Diagnosis and Screening

  • Once WD is considered, a detailed personal and family medical history should be conducted and a physical examination focused on evidence of liver, neurological, and psychiatric disease performed. Assessment should include the following:
    • liver biochemistries;
    • complete blood count and international normalized ratio (INR);
    • serum ceruloplasmin and, in some patients, serum copper;
    • basal 24-h urinary copper excretion;
    • slit-lamp or optical tomography examination for KF rings;
    • neurological evaluation; and
    • molecular genetic investigation of ATP7B (depending on logistics).
  • An extremely low serum ceruloplasmin level (<5 mg/dl) more strongly suggests a diagnosis of WD than modestly subnormal levels. Serum ceruloplasmin by itself is insufficient for making a diagnosis of WD. Serum ceruloplasmin within the normal range does not exclude the diagnosis of WD.
  • Basal 24-h urinary excretion of copper in WD is typically >100 μg/24 h (>1.6 μmol/24 h) in symptomatic patients, but a lower reference value of >40 μg/24 h (>0.6 μmol/24 h) may indicate WD in asymptomatic individuals or children and therefore requires clinical correlation and further investigation.
  • Liver biopsy for histology can aid in the diagnosis of WD by identifying findings consistent with WD and permitting disease staging/grading.

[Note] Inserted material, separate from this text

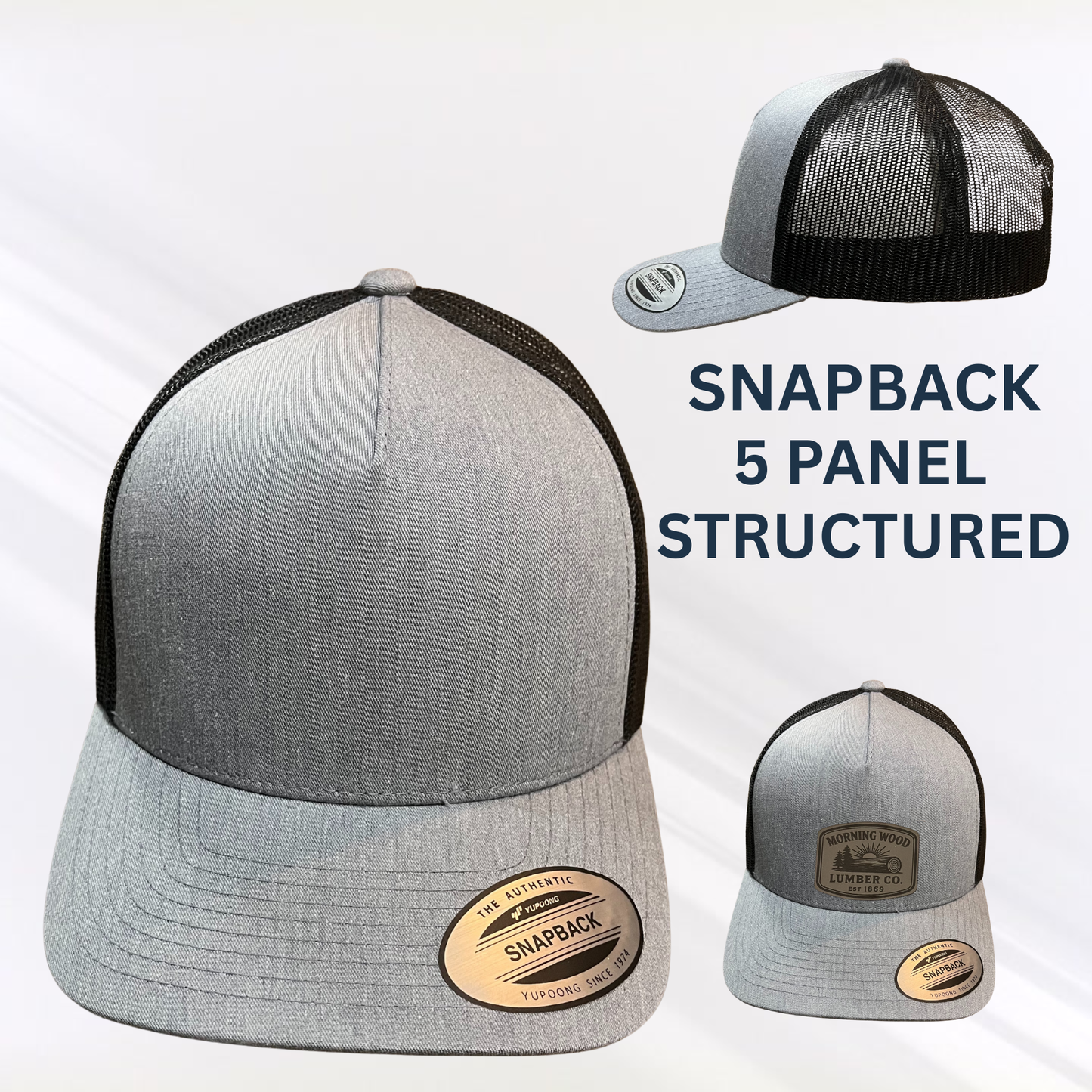 SNAPBACK 5 PANEL STRUCTURED HAT WITH PATCH OF CHOICE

It may also suggest an alternative or concurrent diagnosis of liver disease. It allows quantification of liver tissue copper. Hepatic parenchymal copper content more than >250 μg/g dry weight occurs in most patients; a lower content still above normal occurs less frequently but should prompt other confirmatory testing. In untreated patients, normal hepatic copper content (<50 μg/g dry weight) almost always excludes a diagnosis of WD. Electron microscopic evaluation of liver tissue may aid diagnosis of WD, notably in pediatric patients.
  • If neurological evaluation reveals abnormalities, radiologic imaging of the brain, preferably by MRI, should be considered to establish baseline status and exclude other potential causes.

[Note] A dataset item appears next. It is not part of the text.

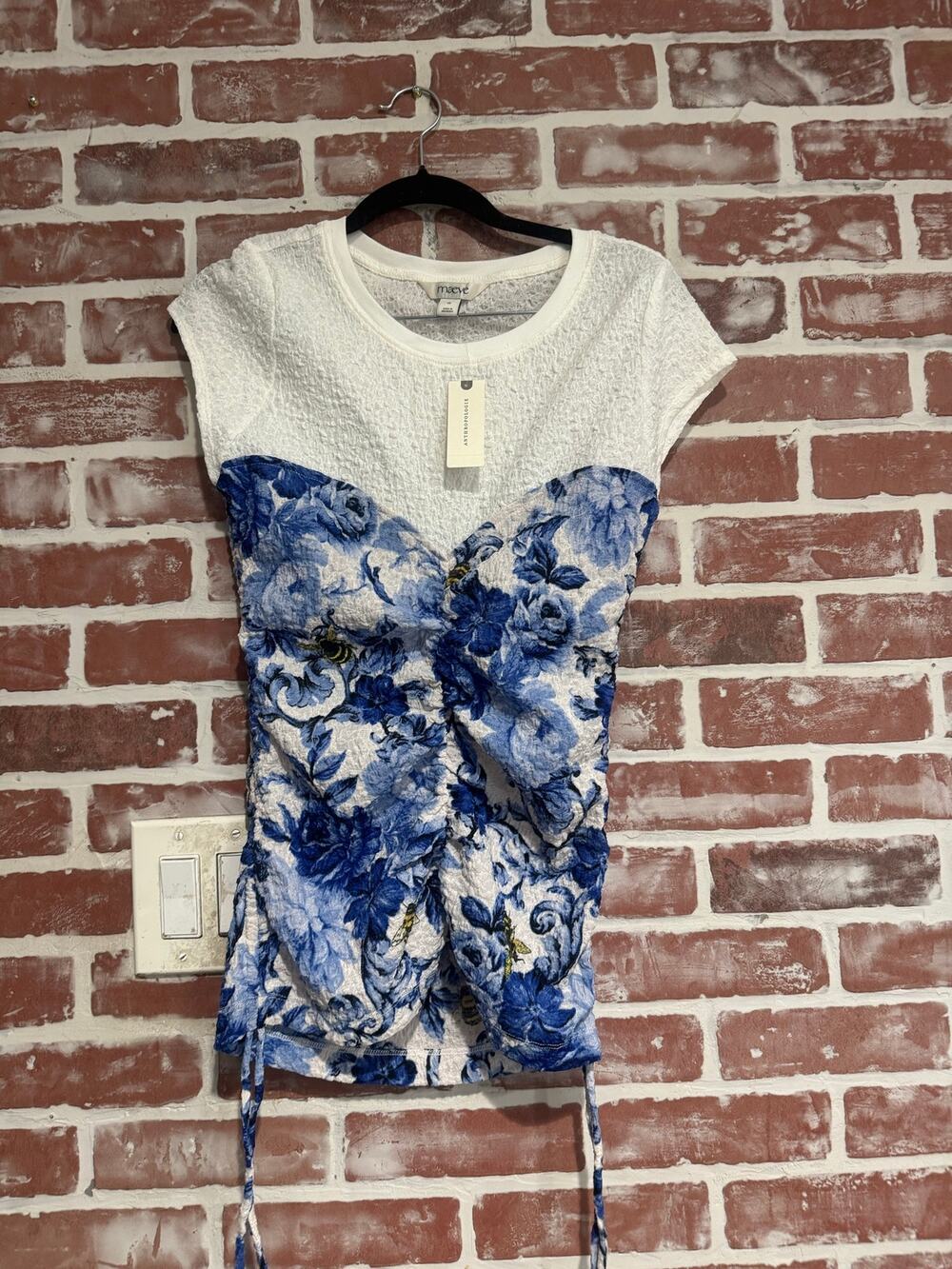 New Anthropologie Maeve Ruched Corset Top Blue Floral Bees NWT XS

  • Diagnostic scoring systems may aid clinicians in establishing or refuting a diagnosis of WD in patients not meeting classic descriptions of the disease and are also useful for purposes of research studies on WD.

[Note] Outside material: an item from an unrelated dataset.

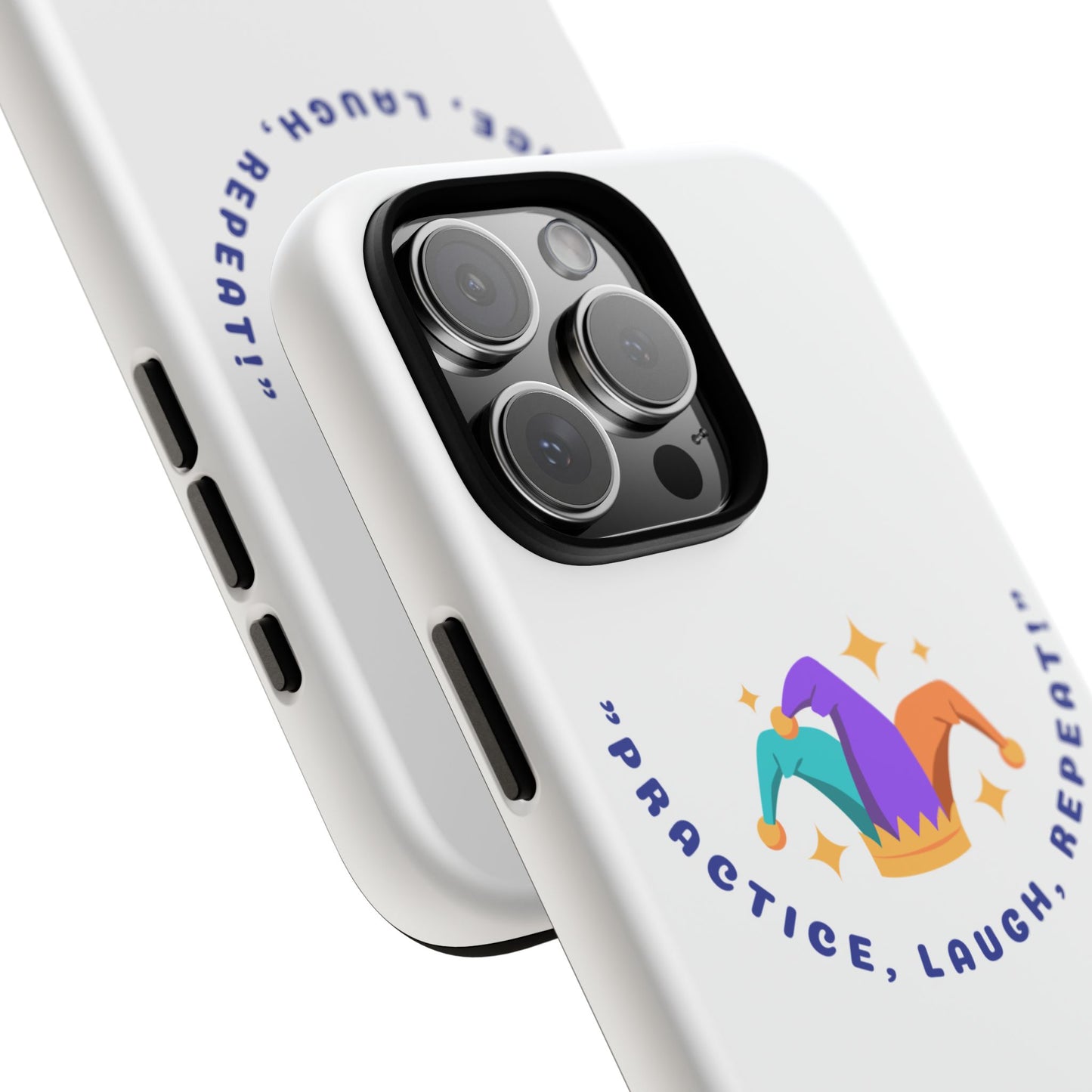 Colorful Joker Phone Case - 'Practice, Laugh, Repeat!'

  • Prognostic scoring systems may help in determining the potential for successful medical therapy for WD. Applying such a score serially over time may be critical to improve accuracy.
  • First-degree relatives of patients newly diagnosed with WD must be screened for WD. Within a pedigree where there is one or more individuals with WD, any person with signs or symptoms consistent with WD, irrespective of closeness of relationship, should be evaluated for WD. Available strategies are genotype assessment of ATP7B and comprehensive clinical evaluation (summarized in Figure 4).

Treatment and Monitoring

  • All patients with a newly established diagnosis of WD should be initiated on lifelong medical therapy for WD. Timing of treatment in children who are less than 3 years-old should be individualized to the degree of organ damage.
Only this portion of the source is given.